INSTRUCTIONS FOR THE TASK:
Please return every record exactly, with no pictures included.

GIVEN DATA:
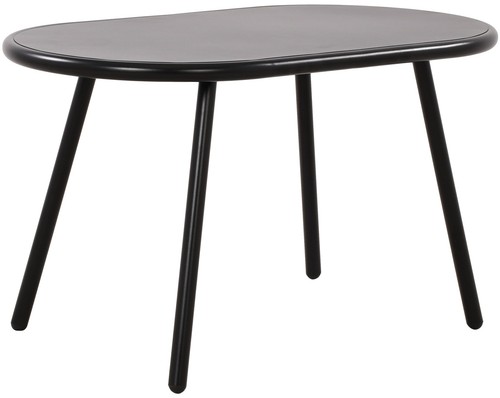 Couchtisch velva gartentisch - couchtisch,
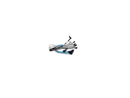 LSI Logic Cable 05-50064-00 1M U.2 Enabler Cable HD (SFF-8643) to (SFF8639)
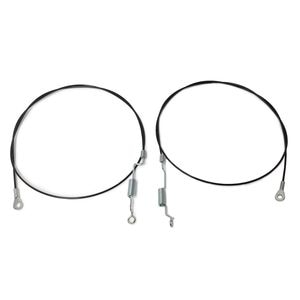 Auto Pro USA Convertible Top Cable CCT1003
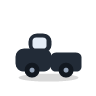 Pickup Truck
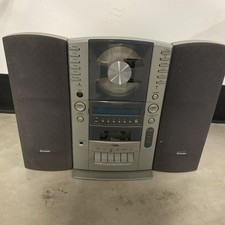 Vtg. fisher slim for sale  Bardstown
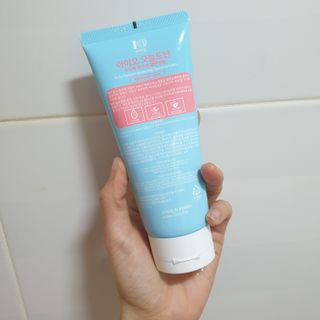 미오이님이 올린 리뷰 사진 3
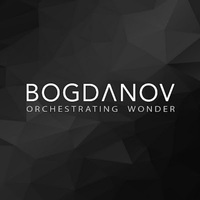 BOGDANOV, LLC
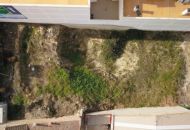 Sale - Apartments - Benijófar - 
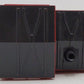Lionel 6-19704 O Gauge Western Maryland Extended Vision Caboose w/Smoke EX/Box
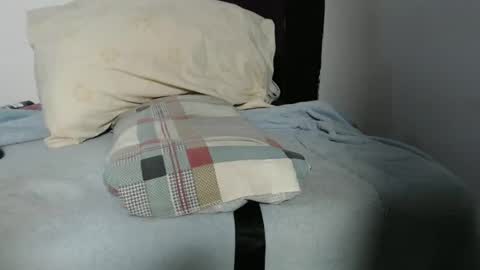 Amore online show from January 19, 2:04 am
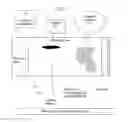 Fig. 02 - INTERACTION OF VIDEO PROJECTION AND EFFECTS LIGHTING WITH BOWLING SCORING SYSTEM AND METHODS OF USE
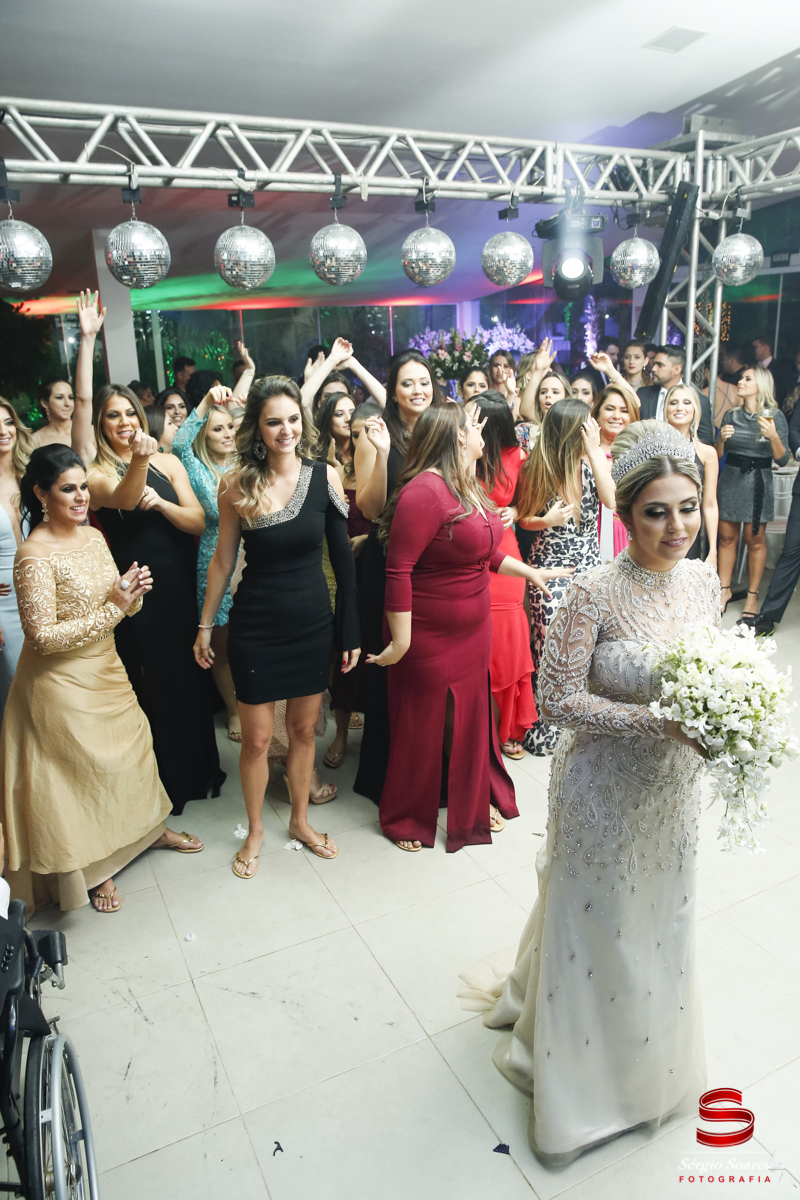 fotografo-fotografia-fotos-cuiaba-mt-sergio-soares-mato-grosso-brasil-fotos-de-casamento-noiva-noivo-casamento-joao-paulo-rafaela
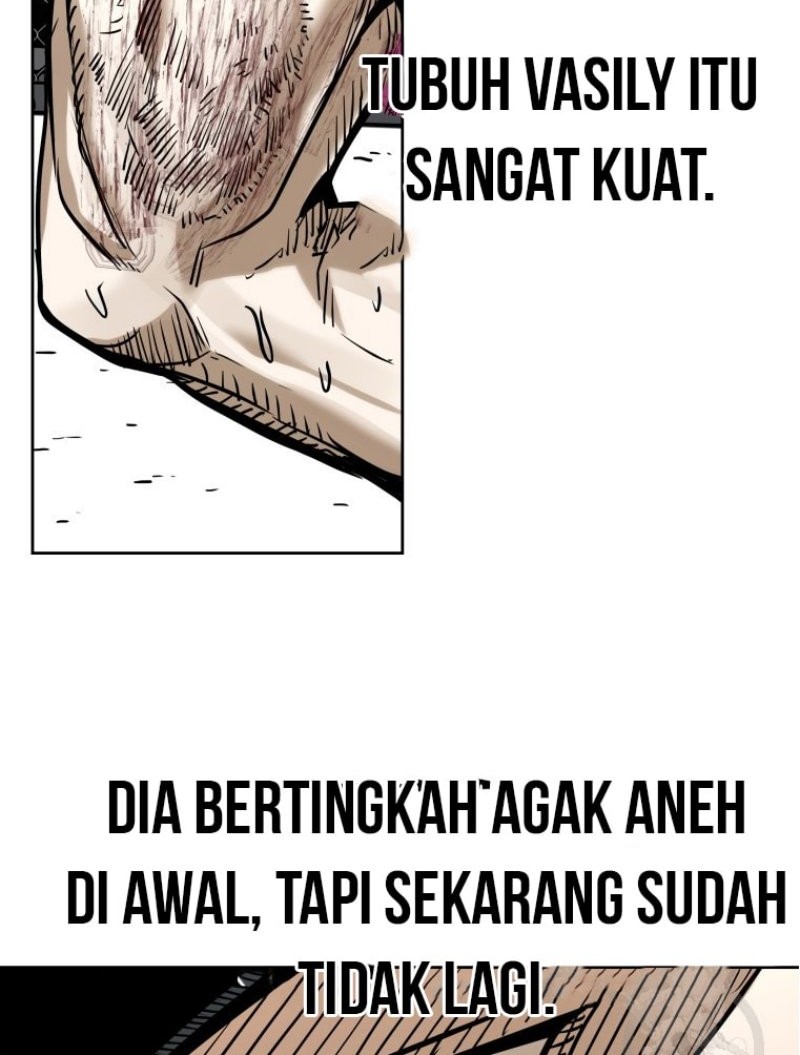 Shark Bab 285 halaman 46
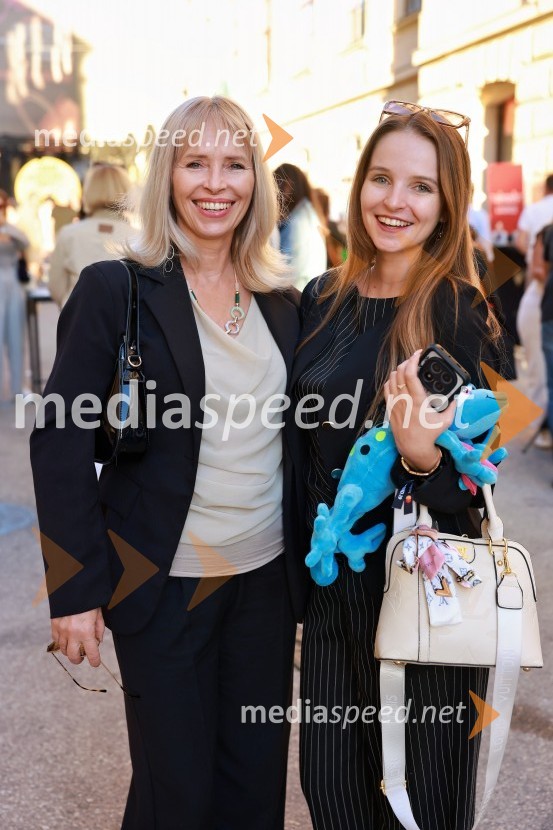 Rovinj v znamenju Weekend media festivala 2026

SOLUTION TO THIS PROBLEM:
 Couchtisch velva gartentisch - couchtisch,
 LSI Logic Cable 05-50064-00 1M U.2 Enabler Cable HD (SFF-8643) to (SFF8639)
 Auto Pro USA Convertible Top Cable CCT1003
 Pickup Truck
 Vtg. fisher slim for sale  Bardstown
 미오이님이 올린 리뷰 사진 3
 BOGDANOV, LLC
 Sale - Apartments - Benijófar - 
Lionel 6-19704 O Gauge Western Maryland Extended Vision Caboose w/Smoke EX/Box
 Amore online show from January 19, 2:04 am
 Fig. 02 - INTERACTION OF VIDEO PROJECTION AND EFFECTS LIGHTING WITH BOWLING SCORING SYSTEM AND METHODS OF USE
 fotografo-fotografia-fotos-cuiaba-mt-sergio-soares-mato-grosso-brasil-fotos-de-casamento-noiva-noivo-casamento-joao-paulo-rafaela
 Shark Bab 285 halaman 46
 Rovinj v znamenju Weekend media festivala 2026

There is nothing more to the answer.